● **THE PROBLEM**
Return all the lines below exactly. Any picture among them is omitted.

● **INFORMATION SHOWN**
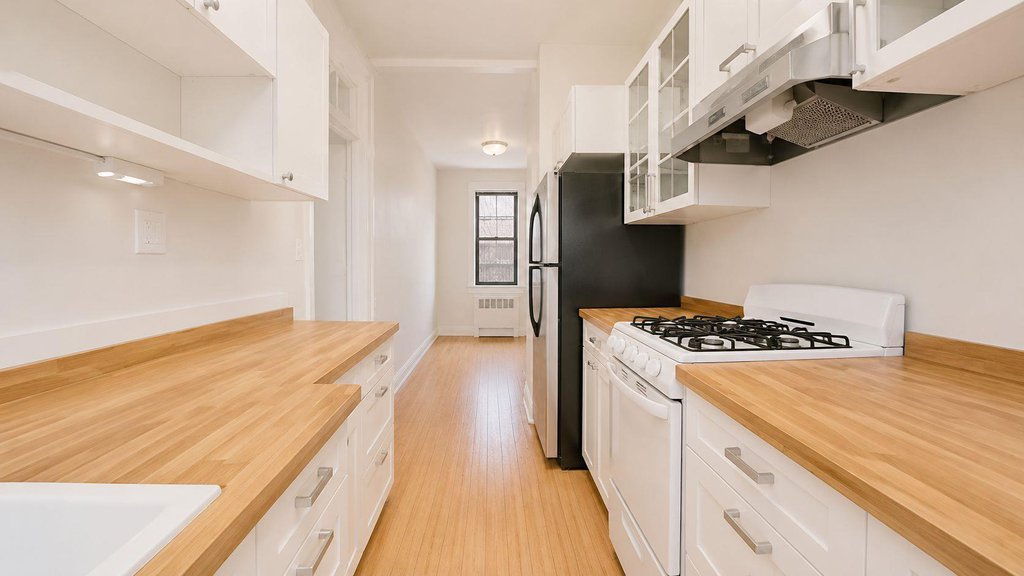 4-6 West 105th Street, Unit 6A photo 15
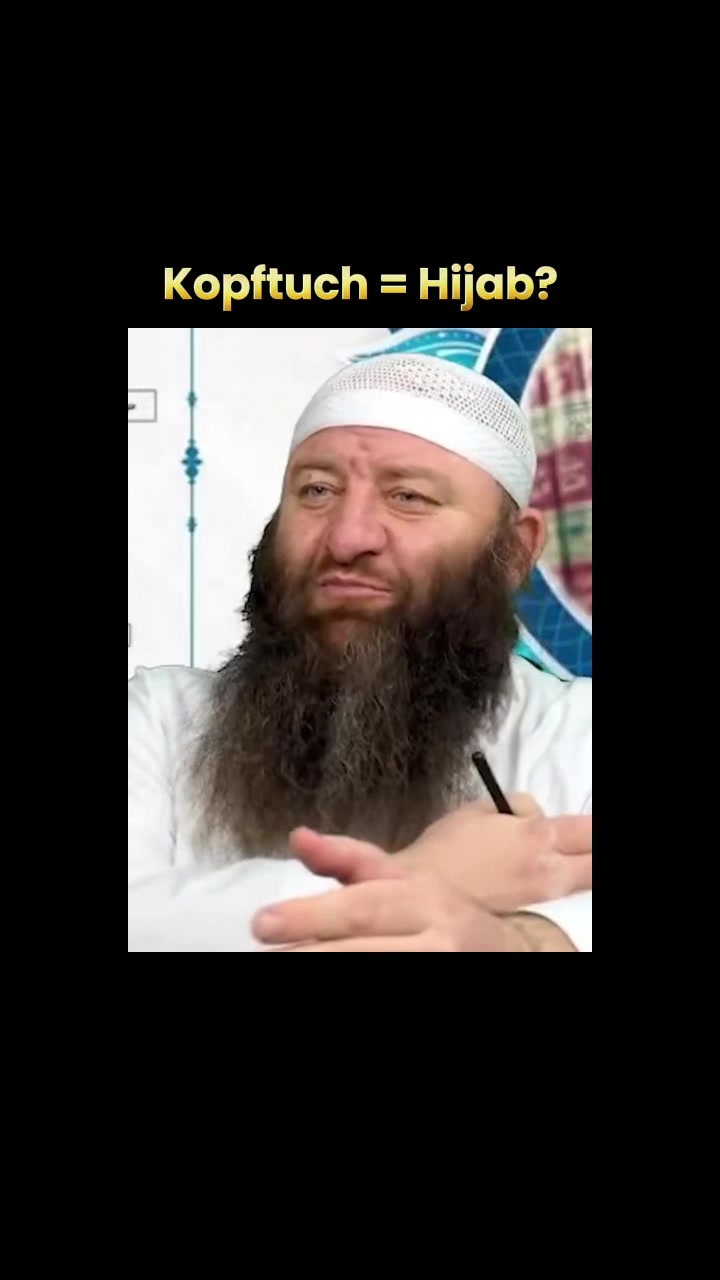 @Abul Hussain Clips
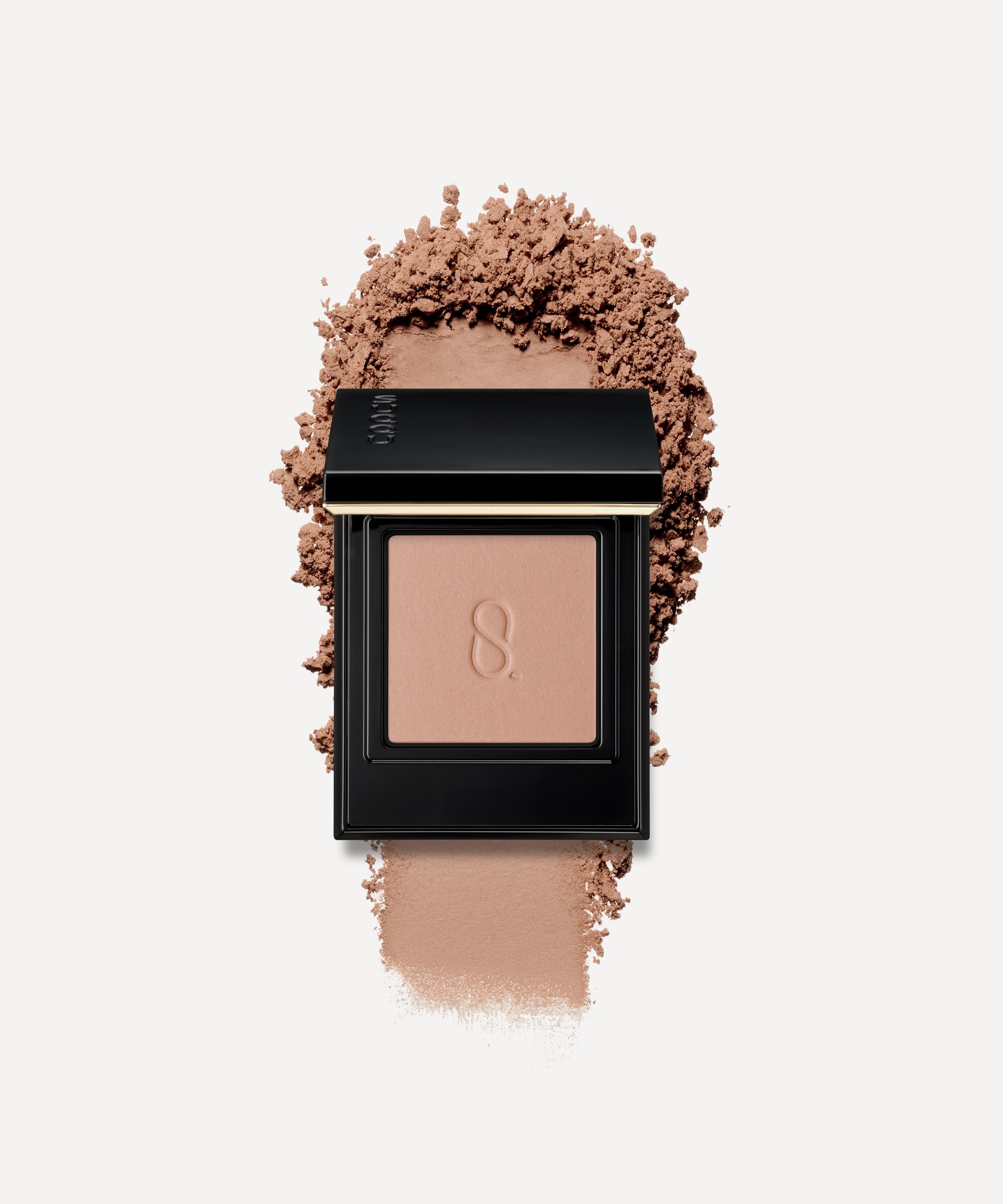 SUQQU - Mono Look Eyes 1.5g image number 1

● **OUTPUT BELOW**
 4-6 West 105th Street, Unit 6A photo 15
 @Abul Hussain Clips
 SUQQU - Mono Look Eyes 1.5g image number 1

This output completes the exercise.